Time Out Rio de Janeiro

The Hunger Games

A post-apocalyptic drama which offers food for thought

The Hunger Games

Opens 23 Mar 2012

Director Gary Ross

Cast Jennifer Lawrence, Josh Hutcherson, Liam Hemsworth

The perils of allowing a successful author to adapt their own work for the screen are demonstrated once again in this absorbing but cluttered take on Suzanne Collins’s highly regarded post-apocalyptic teen epic. This is a gripping, impressively mounted action movie – but its adherence to finicky details in the novel means that there’s not enough time to fully explore Collins’s complex world or the characters who inhabit it. Jennifer Lawrence (Winter’s Bone) excels as Katniss, a teenage girl forced to take part in the televised Hunger Games, in which children from each of 12 tightly controlled districts fight to the death in tribute to the ruling Capitol. Whisked off to the big city in the company of fellow pugilist Peeta (Josh Hutcherson), Katniss finds herself completely out of her depth.

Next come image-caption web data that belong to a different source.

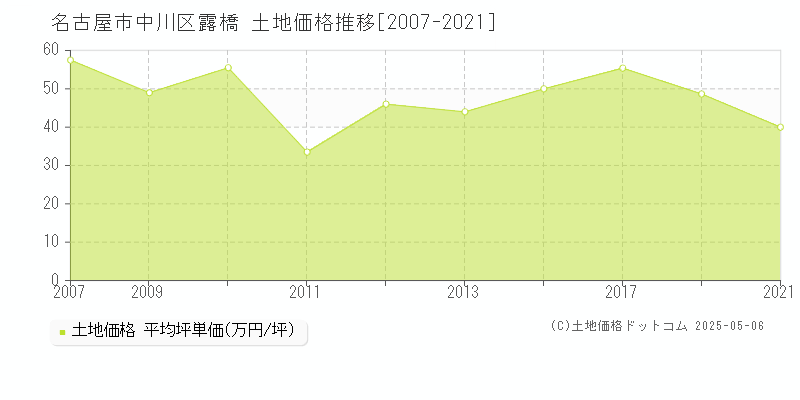 名古屋市中川区露橋の土地価格推移グラフ 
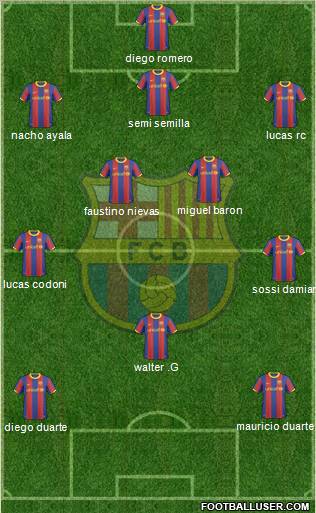 F.C. Barcelona Formation 2011
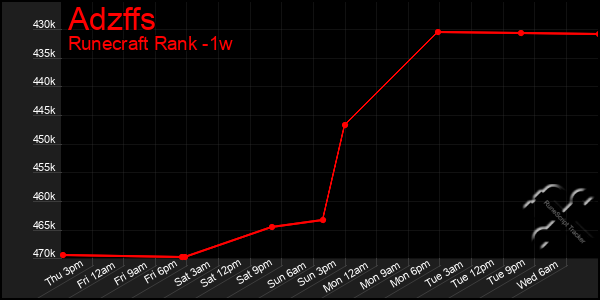 Last 7 Days Graph of Adzffs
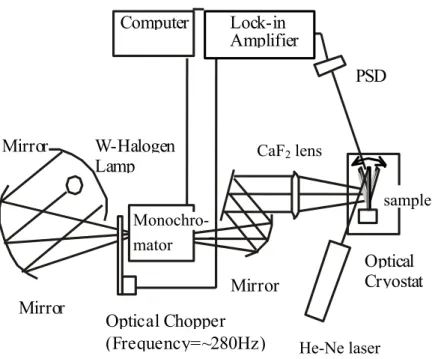 Figure 1      N. Yoshida et al. PSD Mirro r Mirro r MirrorComputerW­HalogenLamp Optical Cryostat­Lock­inAmplifier Optical Chopper (Frequency=~280Hz) CaF 2  lens He­Ne laser sampleMonochro­mator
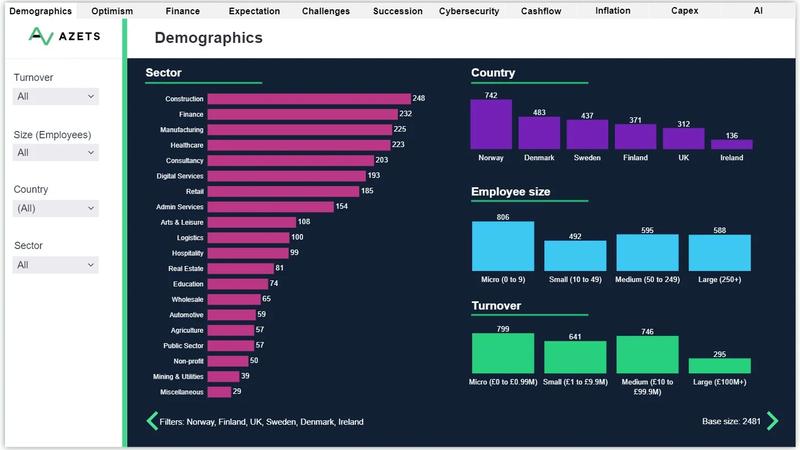 barometer-dashboard-nov2024.webp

The film’s strengths are many: from the opening scenes set in the beautifully realised Depression-style District 12 to some grittily realistic, often shockingly nasty fight sequences inside the Arena. The central concept may be derivative, but as in the book, there are enough original ideas to make it feel fresh and involving.

But for all that, The Hunger Games is an oddly muted film. Director Gary Ross’s decision to shoot much of it handheld and in tight close-up throws us right into the ring with our heroine, but tends to leaves the other characters on the periphery – a fact not helped by the propulsive but rather functional script. Similarly, his decision to avoid any sense of uplift or triumphalism may be appropriate for a story about children killing one another, but it leaves the film feeling a little one-note in its bleakness, which may harm its chances at the multiplex. Overall, this is a solid take on the material, but it could have done with a little less narrative incident and a little more cinematic sparkle.